**What you have to do**:
All lines before the one containing "Egyedi családi ajándék üveg karácsonyfadísz", plus that line itself, are to be printed exactly as they appear below.

Data records:
>>>
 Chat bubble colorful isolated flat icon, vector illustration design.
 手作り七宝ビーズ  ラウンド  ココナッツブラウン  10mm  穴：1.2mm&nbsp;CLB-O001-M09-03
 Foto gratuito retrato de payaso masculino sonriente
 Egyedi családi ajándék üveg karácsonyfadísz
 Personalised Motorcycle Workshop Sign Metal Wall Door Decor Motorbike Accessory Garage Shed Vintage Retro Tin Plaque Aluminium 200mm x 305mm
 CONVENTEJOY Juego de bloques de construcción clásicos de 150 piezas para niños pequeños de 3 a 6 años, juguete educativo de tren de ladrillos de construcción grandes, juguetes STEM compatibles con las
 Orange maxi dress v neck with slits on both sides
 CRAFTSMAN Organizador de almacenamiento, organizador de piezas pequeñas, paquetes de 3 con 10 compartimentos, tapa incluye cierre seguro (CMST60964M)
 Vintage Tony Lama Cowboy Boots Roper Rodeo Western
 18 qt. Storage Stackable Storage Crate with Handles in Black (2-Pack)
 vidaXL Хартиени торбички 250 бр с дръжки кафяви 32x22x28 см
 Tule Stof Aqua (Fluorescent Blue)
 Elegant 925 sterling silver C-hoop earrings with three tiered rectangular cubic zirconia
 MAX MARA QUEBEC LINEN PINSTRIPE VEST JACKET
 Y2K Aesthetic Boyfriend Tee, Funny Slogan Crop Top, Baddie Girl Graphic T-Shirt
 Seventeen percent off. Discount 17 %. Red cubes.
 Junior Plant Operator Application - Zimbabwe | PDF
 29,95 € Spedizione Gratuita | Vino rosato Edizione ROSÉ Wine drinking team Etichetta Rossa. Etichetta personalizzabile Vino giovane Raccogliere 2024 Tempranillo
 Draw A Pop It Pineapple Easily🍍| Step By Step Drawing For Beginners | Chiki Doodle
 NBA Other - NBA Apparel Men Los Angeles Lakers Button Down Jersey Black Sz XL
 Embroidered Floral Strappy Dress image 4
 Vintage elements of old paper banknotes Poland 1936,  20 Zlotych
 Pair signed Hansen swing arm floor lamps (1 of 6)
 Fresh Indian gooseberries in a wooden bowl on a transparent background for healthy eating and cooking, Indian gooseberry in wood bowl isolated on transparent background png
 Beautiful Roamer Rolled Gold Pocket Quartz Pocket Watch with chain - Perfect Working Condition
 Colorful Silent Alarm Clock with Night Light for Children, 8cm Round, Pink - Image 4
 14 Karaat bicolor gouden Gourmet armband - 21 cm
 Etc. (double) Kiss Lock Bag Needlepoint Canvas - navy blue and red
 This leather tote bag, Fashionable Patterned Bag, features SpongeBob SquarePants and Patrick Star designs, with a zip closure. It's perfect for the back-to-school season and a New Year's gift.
<<<
**Task response**:
 Chat bubble colorful isolated flat icon, vector illustration design.
 手作り七宝ビーズ  ラウンド  ココナッツブラウン  10mm  穴：1.2mm&nbsp;CLB-O001-M09-03
 Foto gratuito retrato de payaso masculino sonriente
 Egyedi családi ajándék üveg karácsonyfadísz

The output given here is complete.